The source of the issue in my view comes from a confusion concerning dimensionality, and because the Hessian departs from the usual context in that there is sub-partitioning going on. Other than a mild bit of calculus, this is just routine linear algebra with some tricks like the Kronecker delta function and the Kronecker product to compress the notation.
I have no doubt there may be a quicker and cleaner solution to this using a suitable selection of recipes from the Matrix Cookbook, or Einstein notation. But I've generally found that unless it's immediately obvious which recipe you should be applying, then there is no harm in building the condensed abstractions presented piece-by-piece from the ground up, particularly when you are in doubt.
For this reason, I will derive the relevant partial derivatives, and show how these can be stacked into the data-structures (gradient and Hessian) whose expressions you are seeking to validate.
Notation and dimensionality.
$\mathbf{x} \in \mathbb{R}^D$ is an observation vector.
$\mathbf{y} \in \mathbb{R}^K$ is also a vector.
$\omega^{(k)} \in \mathbb{R}^D$ for $k = 1, \dots, K$ are parameter vectors., where
$$\omega^{(k)} =
\begin{bmatrix}
\omega_1^{(k)} \\
\vdots \\
\omega_D^{(k)}
\end{bmatrix}$$
$\omega \in \mathbb{R}^{DK}$ is a $DK$-dimensional column vector, consisting of all of the column parameter vectors $\omega^{(1)}, \dots, \omega^{(K)}$ stacked vertically on top of one another.
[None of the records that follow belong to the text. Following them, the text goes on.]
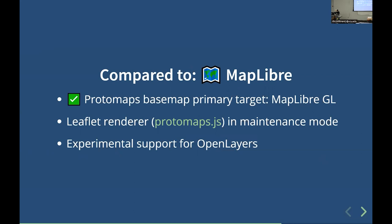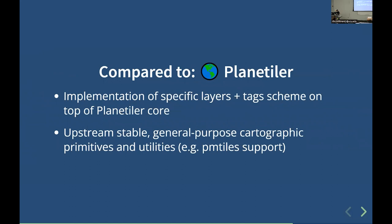Protomaps Basemap compared to MapLibre: MapLibre is a complementary but separate project. I'm moving more towards MapLibre as the primary renderer for the Protomaps Basemap. There is an existing Leaflet renderer I maintain, but that's in maintenance mode because the serious users of this technology are focused on MapLibre. I'm also working on experimental support for OpenLayers. Compared to PlanetTiler, which is the core tiling library the current open source build is based on, this is downstream from PlanetTiler — it's an implementation of specific layers and tags, as well as styles on top of PlanetTiler core. General purpose utilities such as PMTiles support are being upstreamed into PlanetTiler.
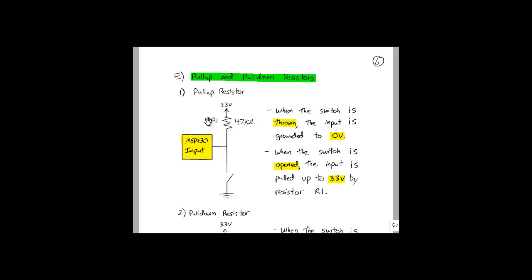In the last part of this lab, we will add digital inputs to our circuit. This requires the use of a pull-up or a pull-down resistor. Normally, these are external circuits that need to be added. However, the MSP430 has them built onto the chip. It is important to know how they operate and why they are needed though.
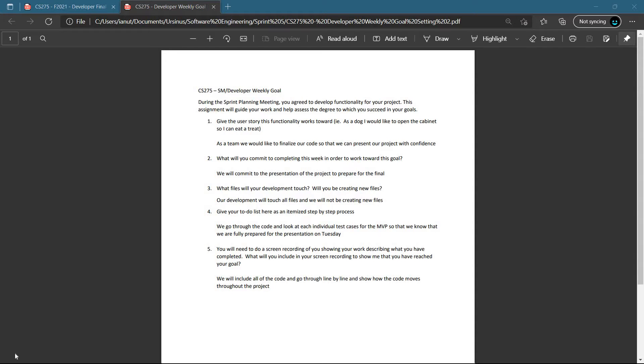What's going on everyone, this is the last sprint, last week of CS 275. Just like always we're going to go through a weekly goal and then we're going to look at the updates that we have presented for this week.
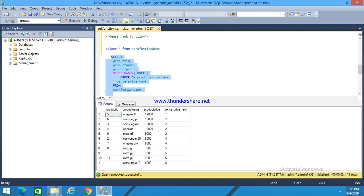Then the third one is three for nine thousand, and eight thousand gets rank four. Like this, the ranks are given. DENSE_RANK is given as consecutive numbers only: one, two, three, four, five.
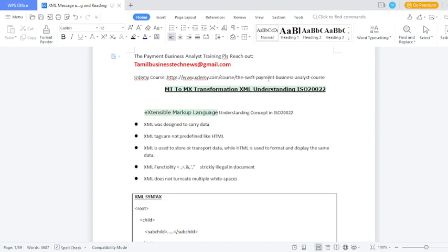What we will discuss in today's video is the MT to MX transformation and XML understanding concept, because this topic is very important. You need to understand the MT to MX equivalent field under transformation and XML reading concept.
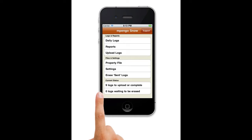Empango Snow can help. Snow lets you keep detailed logs of snow removal and salt application, complete with site pictures, and then lets you send reports to your office, property owners, and insurance carriers.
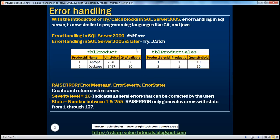For this demo, we'll be making use of TBL_product and TBL_product_sales tables - the same tables we worked with in part 55. TBL_product is like an inventory table which contains the names of the products, their respective unit prices, and the quantity available in stock. Product ID is the primary key for this table. TBL_product_sales contains information about the products that we sold.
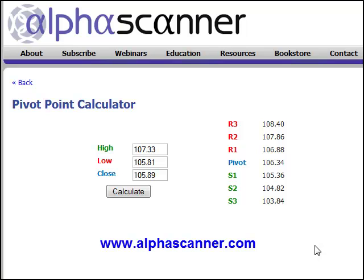So you can come back and do a little bit of research — it's a free resource, available anytime you want it here at Alpha Scanner. I hope it was helpful to you. Thank you.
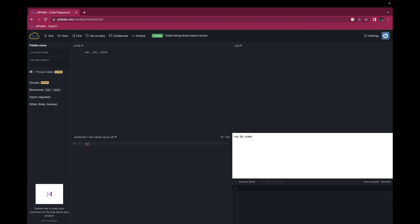Let's start with var. Here I have a code where i equals 10, and a for loop with var i equal to 0, i less than 5, i plus plus. Within the for loop I am doing console.log and printing the value of i.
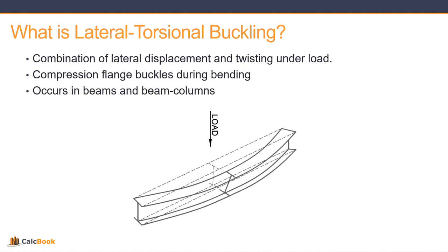So we'll take a look at our beam here. We can see the dashed line is the original shape and then the solid line is the shape after lateral torsional buckling occurs. You can see that we have a lateral displacement as well as a twisting of the cross section.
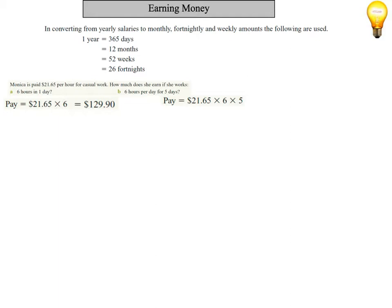So as you can see, we've multiplied together her pay per hour, the number of hours she's worked, and the number of days she's worked for. Our answer is $649.50.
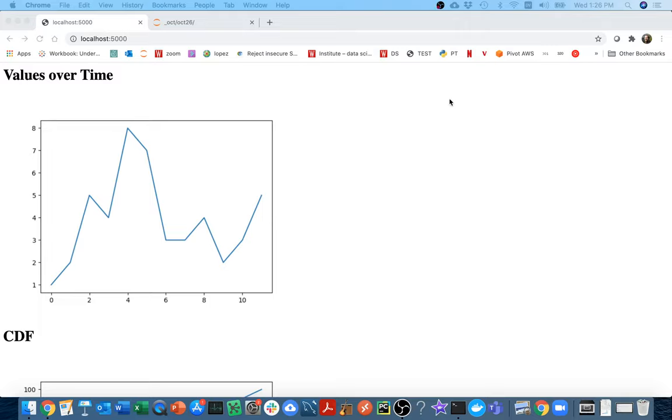In this part of the semester we're moving into a new topic, which is visualizations. To tie it together with what we've been doing, I'm going to start by explaining how we can create a dashboard using Flask and Matplotlib.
Where for each element $\omega_d^{(k)}$, the superscript index $k$ indexes the $k$th class, and the subscript index $d$ indexes the covariate element.
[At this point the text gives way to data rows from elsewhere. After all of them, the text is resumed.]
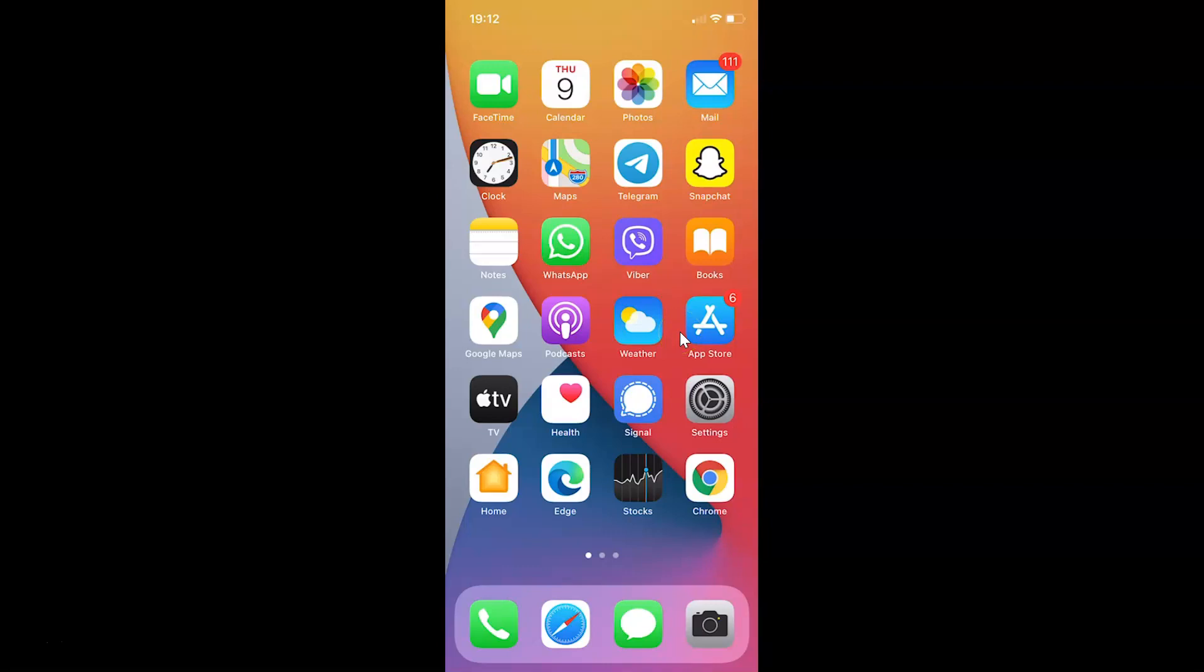First of all, you have to open your Viber app. Here is my Viber app. Let me tap on this to open it.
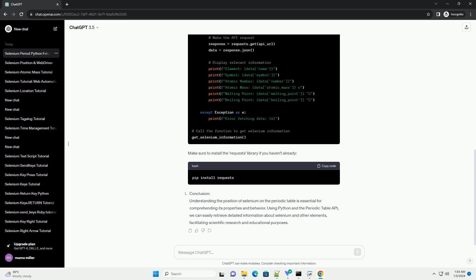Make sure to install the Requests Library if you haven't already. Chat GPT.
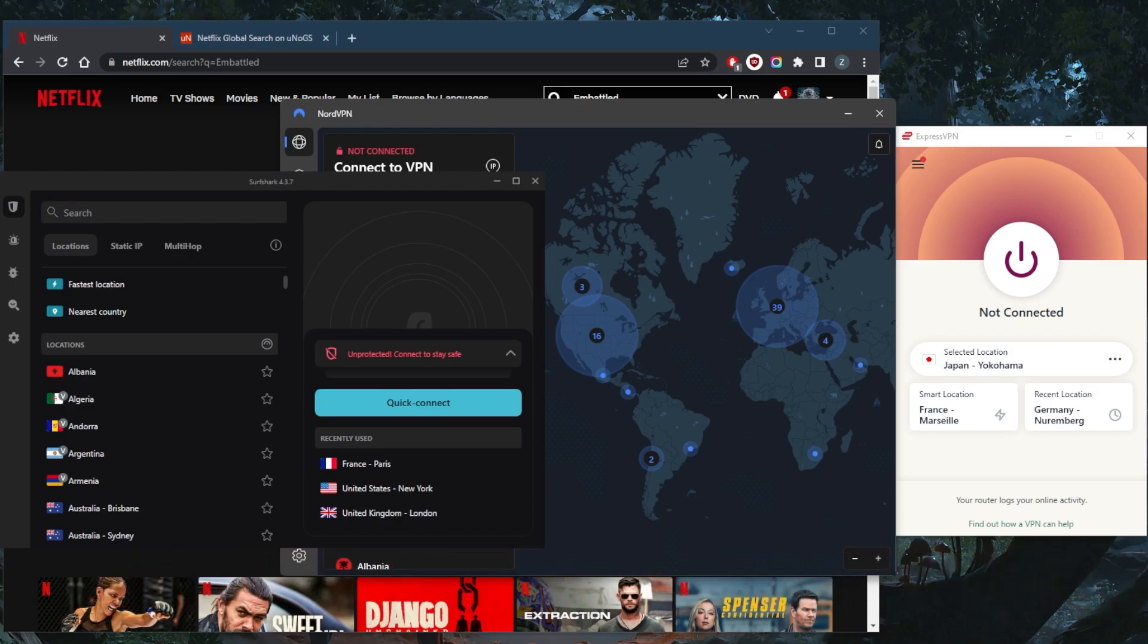And of course, they're all covered by a 30 day money back guarantee, so you can test drive these VPNs for 30 days risk free. Otherwise, you can simply get yourself the refund if you're not satisfied for whatever reason.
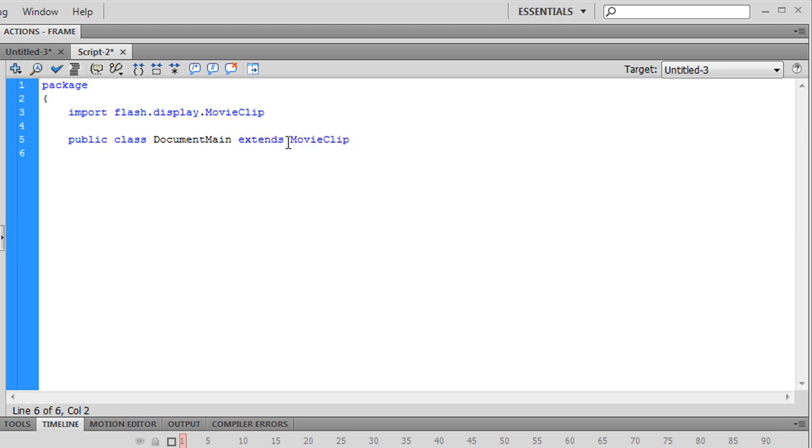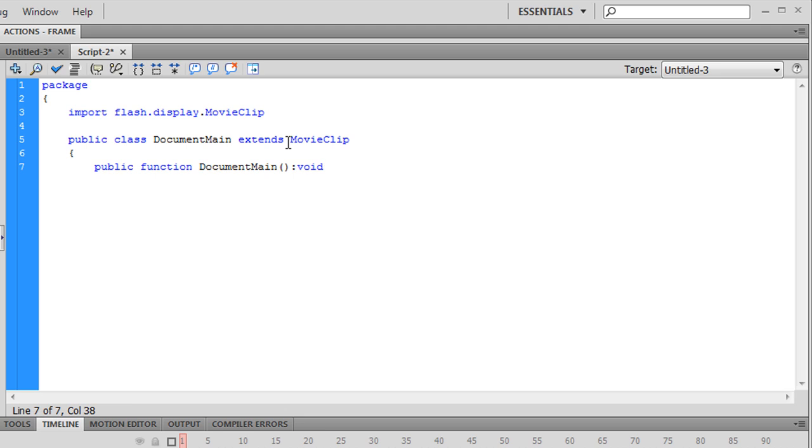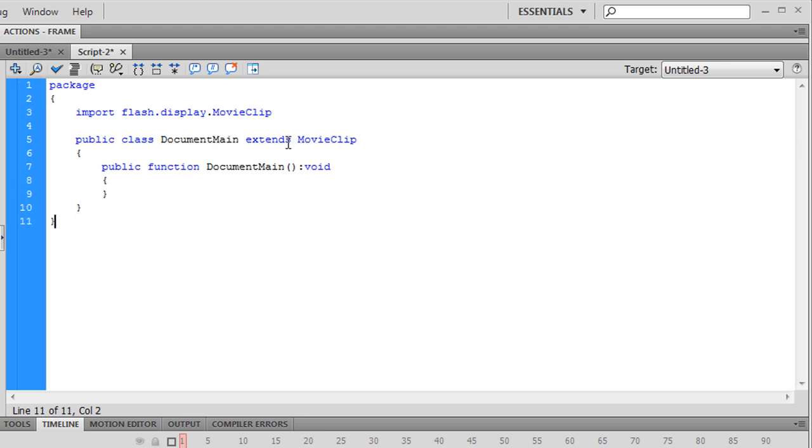And it can either extend movie clip or sprite, but it has to be one of those two. And here's our constructor. And we'll keep everything empty for now.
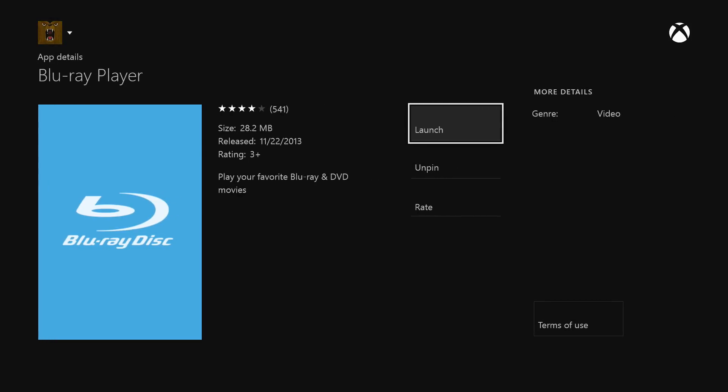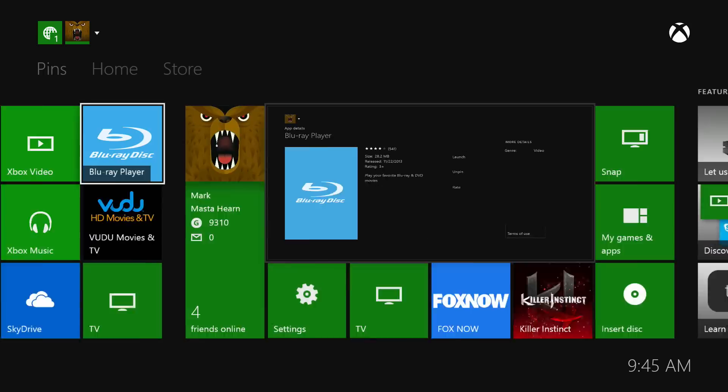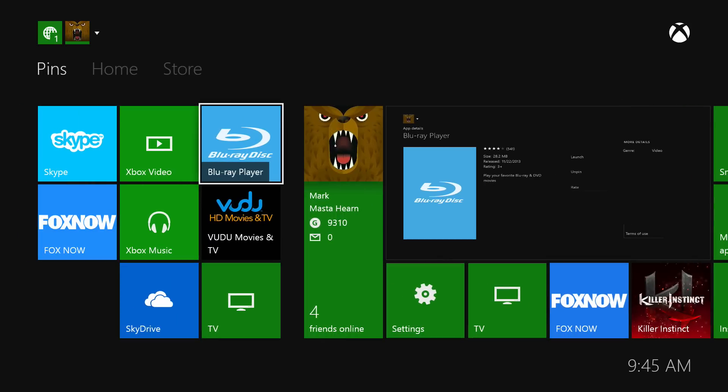You install the app, you can pin it to your home screen like I've done already and once you want to watch a movie, pop in a disc, go to Blu-ray player and select it. It's just that simple.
The log-likelihood $\mathcal{L}(\omega)$ is a scalar function, in that $\mathcal{L} : \mathbb{R}^{DK} \rightarrow \mathbb{R}$. For a single observation $\mathbf{y}$, the log-likelihood is
$$\mathcal{L}(\omega) = \left( \sum^K_{k=1} y_k {\omega^{(k)}}^T \mathbf{x} \right) - \ln \left(1 + \sum^K_{j=1} \exp( {\omega^{(j)}}^T \mathbf{x}) \right).$$
Computing the score vector/gradient $\nabla_{\omega} L(\omega)$.
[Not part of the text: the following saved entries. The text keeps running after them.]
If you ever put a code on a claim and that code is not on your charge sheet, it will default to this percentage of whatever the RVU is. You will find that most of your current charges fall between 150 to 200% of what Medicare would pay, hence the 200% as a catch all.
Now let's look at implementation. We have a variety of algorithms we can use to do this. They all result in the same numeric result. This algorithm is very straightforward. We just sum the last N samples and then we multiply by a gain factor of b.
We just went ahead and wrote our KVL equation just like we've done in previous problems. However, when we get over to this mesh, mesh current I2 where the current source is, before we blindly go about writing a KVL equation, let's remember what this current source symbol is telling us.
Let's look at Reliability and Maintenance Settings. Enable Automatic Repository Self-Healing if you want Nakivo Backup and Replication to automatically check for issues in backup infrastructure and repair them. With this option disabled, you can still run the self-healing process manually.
Note that the gradient $\nabla_{\omega} L(\omega) \in \mathbb{R}^{DK}$ is a $DK$-dimensional column vector.
Each element is the partial derivative of $\mathcal{L}$ with respect to $w_d^{(k)}$. Using dummy indexes $c$ and $l$ to avoid confusion, we have that
\begin{align}
\frac{\partial \mathcal{L}}{\partial \omega_c^{(l)}} &= \frac{\partial}{\partial w_c^{(l)}} \left\{ \left( \sum^K_{k=1} y_k {\omega^{(k)}}^T \mathbf{x} \right) - \ln \left[1 + \sum^K_{j=1} \exp( {\omega^{(j)}}^T \mathbf{x}) \right] \right\} \\
&= y_l \cdot \frac{\partial}{\partial w_c^{(l)}} {\omega^{(l)}}^T \mathbf{x} - \frac{\exp( {\omega^{(l)}}^T \mathbf{x})}{1 + \sum^K_{j=1} \exp({\omega^{(j)}}^T \mathbf{x})} \cdot \frac{\partial}{\partial w_c^{(l)}} {\omega^{(l)}}^T \mathbf{x} \\
&= y_l x_c - \frac{\exp( {\omega^{(l)}}^T \mathbf{x})}{1 + \sum^K_{j=1} \exp({\omega^{(j)}}^T \mathbf{x})} x_c \\
&= \left[y_l - \frac{\exp( {\omega^{(l)}}^T \mathbf{x})}{1 + \sum^K_{j=1} \exp({\omega^{(j)}}^T \mathbf{x})} \right] x_c \\
&= (y_l - \hat{p}_l) x_c,
\end{align}
where
$$\hat{p}_l = \frac{\exp( {\omega^{(l)}}^T \mathbf{x})}{1 + \sum^K_{j=1} \exp({\omega^{(j)}}^T \mathbf{x})}.$$
Writing out the gradient, we have that:
$$\begin{align}
\nabla_{\omega} \mathcal{L}(\omega) =
\begin{bmatrix}
(y_1 - p_1)x_1 \\
\vdots \\
(y_1 - p_1) x_D \\
(y_2 - p_2) x_1 \\
\vdots \\
(y_2 - p_2) x_D \\
\vdots \\
(y_K - p_K) x_1 \\
\vdots \\
(y_K - p_K) x_D \\
\end{bmatrix}
=
\begin{bmatrix}
(\mathbf{y} - \hat{\mathbf{p}})_1 \mathbf{x} \\
(\mathbf{y} - \hat{\mathbf{p}})_2 \mathbf{x} \\
\vdots \\
(\mathbf{y} - \hat{\mathbf{p}})_K \mathbf{x} \\
\end{bmatrix}
= (\mathbf{y} - \hat{\mathbf{p}}) \otimes \mathbf{x}.
\end{align}$$
Where $(\mathbf{y} - \hat{\mathbf{p}}) \otimes \mathbf{x}$ is the Kronecker product of the "matrices" $(\mathbf{y} - \hat{\mathbf{p}}) \in \mathbb{R}^{K \times 1}$ and $\mathbf{x} \in \mathbb{R}^{D \times 1}$, resulting in a $DK$-dimensional column vector.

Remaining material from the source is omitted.